----- DATA SUPPLIED -----

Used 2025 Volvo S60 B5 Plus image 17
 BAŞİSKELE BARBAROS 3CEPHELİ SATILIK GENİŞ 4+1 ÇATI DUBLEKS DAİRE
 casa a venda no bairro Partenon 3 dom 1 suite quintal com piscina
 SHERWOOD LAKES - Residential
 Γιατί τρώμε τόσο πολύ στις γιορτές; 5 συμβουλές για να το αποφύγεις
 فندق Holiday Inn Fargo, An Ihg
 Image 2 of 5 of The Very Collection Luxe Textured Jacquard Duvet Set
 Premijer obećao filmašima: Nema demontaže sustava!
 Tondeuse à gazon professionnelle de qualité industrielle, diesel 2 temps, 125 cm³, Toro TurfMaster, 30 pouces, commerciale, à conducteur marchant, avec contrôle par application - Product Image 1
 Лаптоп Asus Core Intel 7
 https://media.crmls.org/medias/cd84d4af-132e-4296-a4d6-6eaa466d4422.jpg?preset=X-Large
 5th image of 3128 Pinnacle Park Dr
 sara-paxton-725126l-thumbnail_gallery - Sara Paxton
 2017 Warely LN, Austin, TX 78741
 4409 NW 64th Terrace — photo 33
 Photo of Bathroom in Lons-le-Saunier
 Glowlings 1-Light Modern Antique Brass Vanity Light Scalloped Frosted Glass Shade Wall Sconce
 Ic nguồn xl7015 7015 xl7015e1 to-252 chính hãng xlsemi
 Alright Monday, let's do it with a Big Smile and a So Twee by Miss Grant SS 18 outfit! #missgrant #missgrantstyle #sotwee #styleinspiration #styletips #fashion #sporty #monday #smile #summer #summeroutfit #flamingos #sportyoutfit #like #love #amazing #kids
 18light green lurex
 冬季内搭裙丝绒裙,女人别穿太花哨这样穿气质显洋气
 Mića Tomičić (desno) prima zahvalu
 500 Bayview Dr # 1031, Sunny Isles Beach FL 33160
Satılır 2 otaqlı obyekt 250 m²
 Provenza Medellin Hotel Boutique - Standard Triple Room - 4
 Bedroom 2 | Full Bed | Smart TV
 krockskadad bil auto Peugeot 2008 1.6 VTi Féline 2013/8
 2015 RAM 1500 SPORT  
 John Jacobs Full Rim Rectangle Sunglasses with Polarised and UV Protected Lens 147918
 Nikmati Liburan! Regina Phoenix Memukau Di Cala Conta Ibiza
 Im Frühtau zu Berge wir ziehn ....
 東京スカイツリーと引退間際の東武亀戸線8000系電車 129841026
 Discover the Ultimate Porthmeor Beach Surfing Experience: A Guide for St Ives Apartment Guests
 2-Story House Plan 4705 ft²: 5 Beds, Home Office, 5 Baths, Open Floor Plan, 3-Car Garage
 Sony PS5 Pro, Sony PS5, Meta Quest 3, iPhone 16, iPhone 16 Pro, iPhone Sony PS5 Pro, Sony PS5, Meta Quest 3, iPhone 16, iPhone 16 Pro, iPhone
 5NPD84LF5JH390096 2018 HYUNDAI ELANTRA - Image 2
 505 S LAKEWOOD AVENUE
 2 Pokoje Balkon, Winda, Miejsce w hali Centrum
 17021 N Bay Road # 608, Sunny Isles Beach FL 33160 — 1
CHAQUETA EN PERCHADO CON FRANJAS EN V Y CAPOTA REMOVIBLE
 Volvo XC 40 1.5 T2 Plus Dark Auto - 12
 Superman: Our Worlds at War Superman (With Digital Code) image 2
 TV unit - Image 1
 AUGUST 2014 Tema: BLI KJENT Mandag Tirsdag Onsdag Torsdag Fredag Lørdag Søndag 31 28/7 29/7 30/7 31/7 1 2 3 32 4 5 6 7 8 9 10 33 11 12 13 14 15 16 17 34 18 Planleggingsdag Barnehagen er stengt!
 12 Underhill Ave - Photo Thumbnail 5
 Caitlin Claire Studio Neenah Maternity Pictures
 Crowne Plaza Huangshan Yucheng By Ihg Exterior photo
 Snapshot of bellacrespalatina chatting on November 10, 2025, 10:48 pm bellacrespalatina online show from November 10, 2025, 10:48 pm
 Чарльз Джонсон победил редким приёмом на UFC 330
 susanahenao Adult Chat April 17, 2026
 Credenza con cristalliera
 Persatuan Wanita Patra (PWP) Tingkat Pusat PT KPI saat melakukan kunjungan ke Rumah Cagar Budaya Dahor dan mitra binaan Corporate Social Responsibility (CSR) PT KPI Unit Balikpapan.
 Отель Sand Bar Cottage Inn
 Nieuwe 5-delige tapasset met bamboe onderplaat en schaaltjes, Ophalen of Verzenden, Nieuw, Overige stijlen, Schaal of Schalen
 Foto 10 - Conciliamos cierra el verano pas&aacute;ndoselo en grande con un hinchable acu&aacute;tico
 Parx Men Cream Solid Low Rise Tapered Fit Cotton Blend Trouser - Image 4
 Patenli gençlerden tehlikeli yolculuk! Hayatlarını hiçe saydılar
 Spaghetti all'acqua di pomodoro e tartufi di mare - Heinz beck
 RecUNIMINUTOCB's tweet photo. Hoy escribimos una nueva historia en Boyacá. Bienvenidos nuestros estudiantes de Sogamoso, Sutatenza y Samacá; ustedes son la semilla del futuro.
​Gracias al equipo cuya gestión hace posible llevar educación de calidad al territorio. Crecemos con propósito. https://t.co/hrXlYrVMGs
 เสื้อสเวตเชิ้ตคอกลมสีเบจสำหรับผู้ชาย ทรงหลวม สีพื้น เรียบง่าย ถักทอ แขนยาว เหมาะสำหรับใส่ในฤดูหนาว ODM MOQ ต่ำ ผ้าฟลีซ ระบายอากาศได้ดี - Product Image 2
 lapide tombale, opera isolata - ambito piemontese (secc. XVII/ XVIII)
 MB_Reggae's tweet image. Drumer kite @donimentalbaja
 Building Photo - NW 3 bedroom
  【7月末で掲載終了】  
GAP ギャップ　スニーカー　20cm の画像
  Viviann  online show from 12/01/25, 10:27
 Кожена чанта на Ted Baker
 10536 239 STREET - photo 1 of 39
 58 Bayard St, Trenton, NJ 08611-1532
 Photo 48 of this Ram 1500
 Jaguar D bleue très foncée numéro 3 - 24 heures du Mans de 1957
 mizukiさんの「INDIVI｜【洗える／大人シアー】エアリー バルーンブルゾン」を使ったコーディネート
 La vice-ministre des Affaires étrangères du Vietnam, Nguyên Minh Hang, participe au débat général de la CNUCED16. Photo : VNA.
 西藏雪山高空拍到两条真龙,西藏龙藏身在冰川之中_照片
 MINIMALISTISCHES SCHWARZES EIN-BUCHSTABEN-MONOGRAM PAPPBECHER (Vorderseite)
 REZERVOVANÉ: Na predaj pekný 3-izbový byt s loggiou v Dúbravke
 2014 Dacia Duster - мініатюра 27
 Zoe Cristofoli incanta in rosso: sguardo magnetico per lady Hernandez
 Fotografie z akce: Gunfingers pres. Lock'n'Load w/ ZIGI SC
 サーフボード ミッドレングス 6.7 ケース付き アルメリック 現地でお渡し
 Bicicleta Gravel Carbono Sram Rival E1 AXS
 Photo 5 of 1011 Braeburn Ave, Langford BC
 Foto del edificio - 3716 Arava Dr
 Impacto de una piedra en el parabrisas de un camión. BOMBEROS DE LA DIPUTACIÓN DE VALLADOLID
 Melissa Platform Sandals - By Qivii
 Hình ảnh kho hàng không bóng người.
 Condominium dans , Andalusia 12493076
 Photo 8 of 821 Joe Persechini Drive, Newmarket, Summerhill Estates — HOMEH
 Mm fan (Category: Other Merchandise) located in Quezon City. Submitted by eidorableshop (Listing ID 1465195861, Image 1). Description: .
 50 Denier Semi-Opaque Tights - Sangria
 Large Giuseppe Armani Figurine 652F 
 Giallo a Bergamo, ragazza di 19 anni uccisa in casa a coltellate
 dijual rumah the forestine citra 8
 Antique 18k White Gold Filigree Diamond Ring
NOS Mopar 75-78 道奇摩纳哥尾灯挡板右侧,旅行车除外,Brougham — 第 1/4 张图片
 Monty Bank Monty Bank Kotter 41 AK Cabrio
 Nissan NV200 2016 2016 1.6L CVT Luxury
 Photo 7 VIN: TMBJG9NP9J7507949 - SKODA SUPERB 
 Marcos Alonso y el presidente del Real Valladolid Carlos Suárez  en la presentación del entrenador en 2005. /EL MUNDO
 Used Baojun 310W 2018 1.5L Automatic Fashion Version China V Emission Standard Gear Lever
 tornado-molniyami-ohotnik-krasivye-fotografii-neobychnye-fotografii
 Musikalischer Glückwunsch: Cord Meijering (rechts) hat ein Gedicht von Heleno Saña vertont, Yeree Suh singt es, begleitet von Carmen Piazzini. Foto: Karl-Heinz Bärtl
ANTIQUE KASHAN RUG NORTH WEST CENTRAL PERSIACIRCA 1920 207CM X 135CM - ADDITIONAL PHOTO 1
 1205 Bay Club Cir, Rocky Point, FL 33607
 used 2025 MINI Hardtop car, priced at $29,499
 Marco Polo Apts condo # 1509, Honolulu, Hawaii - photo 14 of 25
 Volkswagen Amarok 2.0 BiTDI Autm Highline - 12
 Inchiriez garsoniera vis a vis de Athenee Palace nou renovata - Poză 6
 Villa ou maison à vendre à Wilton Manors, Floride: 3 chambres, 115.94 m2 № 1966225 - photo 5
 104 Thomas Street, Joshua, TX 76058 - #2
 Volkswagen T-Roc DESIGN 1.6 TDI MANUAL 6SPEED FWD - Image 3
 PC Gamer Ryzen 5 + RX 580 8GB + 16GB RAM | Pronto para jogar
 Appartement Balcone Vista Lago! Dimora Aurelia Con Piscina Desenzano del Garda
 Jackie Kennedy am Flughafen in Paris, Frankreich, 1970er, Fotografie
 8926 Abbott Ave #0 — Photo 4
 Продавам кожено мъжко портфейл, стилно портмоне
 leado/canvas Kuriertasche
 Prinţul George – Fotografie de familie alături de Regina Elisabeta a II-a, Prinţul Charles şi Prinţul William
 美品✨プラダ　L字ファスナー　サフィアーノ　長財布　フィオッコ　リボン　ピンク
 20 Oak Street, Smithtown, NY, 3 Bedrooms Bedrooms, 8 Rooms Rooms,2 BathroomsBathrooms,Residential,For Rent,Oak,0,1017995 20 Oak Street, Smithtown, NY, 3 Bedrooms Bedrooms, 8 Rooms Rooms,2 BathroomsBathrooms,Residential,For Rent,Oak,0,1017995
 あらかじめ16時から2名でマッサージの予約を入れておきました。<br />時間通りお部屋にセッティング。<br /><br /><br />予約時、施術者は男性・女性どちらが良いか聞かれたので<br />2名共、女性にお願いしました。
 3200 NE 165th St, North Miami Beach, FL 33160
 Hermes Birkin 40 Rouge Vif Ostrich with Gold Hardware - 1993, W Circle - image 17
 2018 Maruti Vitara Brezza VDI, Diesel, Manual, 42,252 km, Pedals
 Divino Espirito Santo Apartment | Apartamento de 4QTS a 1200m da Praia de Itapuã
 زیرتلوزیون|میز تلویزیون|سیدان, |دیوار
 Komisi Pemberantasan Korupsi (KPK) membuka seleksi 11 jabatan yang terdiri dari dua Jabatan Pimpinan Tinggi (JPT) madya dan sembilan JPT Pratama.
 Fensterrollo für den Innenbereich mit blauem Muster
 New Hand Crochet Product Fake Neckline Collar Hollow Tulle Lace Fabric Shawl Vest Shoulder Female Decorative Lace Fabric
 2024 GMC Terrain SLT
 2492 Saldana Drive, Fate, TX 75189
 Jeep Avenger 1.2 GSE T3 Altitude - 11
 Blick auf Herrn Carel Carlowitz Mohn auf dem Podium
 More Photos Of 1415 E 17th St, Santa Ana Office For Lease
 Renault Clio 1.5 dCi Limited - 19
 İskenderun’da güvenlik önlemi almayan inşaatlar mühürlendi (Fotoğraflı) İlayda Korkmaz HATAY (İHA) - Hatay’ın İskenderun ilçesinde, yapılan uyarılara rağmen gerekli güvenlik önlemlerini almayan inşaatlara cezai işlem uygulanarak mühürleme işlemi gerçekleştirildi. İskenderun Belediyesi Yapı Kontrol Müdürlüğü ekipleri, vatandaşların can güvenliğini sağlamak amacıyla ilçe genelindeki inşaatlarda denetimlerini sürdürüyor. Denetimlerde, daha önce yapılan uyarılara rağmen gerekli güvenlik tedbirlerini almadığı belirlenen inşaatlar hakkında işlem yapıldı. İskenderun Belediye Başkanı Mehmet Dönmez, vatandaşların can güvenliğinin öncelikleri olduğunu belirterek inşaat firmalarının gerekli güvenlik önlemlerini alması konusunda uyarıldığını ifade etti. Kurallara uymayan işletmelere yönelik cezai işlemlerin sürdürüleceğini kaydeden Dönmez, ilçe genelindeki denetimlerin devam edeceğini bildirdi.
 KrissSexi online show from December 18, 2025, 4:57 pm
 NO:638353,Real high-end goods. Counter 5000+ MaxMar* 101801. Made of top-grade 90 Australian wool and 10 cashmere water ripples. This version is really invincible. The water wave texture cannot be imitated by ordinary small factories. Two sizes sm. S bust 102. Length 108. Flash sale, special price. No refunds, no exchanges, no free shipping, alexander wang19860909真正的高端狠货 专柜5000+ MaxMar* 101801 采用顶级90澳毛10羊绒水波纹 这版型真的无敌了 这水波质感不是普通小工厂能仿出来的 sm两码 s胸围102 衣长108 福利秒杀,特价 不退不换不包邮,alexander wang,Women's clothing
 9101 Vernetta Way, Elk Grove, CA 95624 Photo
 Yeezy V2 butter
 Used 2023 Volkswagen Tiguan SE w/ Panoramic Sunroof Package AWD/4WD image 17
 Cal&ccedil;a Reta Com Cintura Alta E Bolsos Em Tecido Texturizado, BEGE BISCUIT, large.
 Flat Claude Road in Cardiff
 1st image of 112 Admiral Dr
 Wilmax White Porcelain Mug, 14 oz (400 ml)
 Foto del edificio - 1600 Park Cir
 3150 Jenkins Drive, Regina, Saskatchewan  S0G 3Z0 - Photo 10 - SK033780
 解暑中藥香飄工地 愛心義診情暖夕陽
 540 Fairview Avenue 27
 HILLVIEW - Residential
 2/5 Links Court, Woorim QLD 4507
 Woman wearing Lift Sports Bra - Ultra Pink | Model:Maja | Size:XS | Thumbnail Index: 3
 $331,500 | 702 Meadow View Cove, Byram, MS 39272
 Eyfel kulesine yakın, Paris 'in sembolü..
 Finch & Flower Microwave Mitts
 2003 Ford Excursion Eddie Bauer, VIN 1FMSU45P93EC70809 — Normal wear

-----

Across the data above, how many lines include the word "Fotografie"? Give only the count.

FINAL ANSWER
3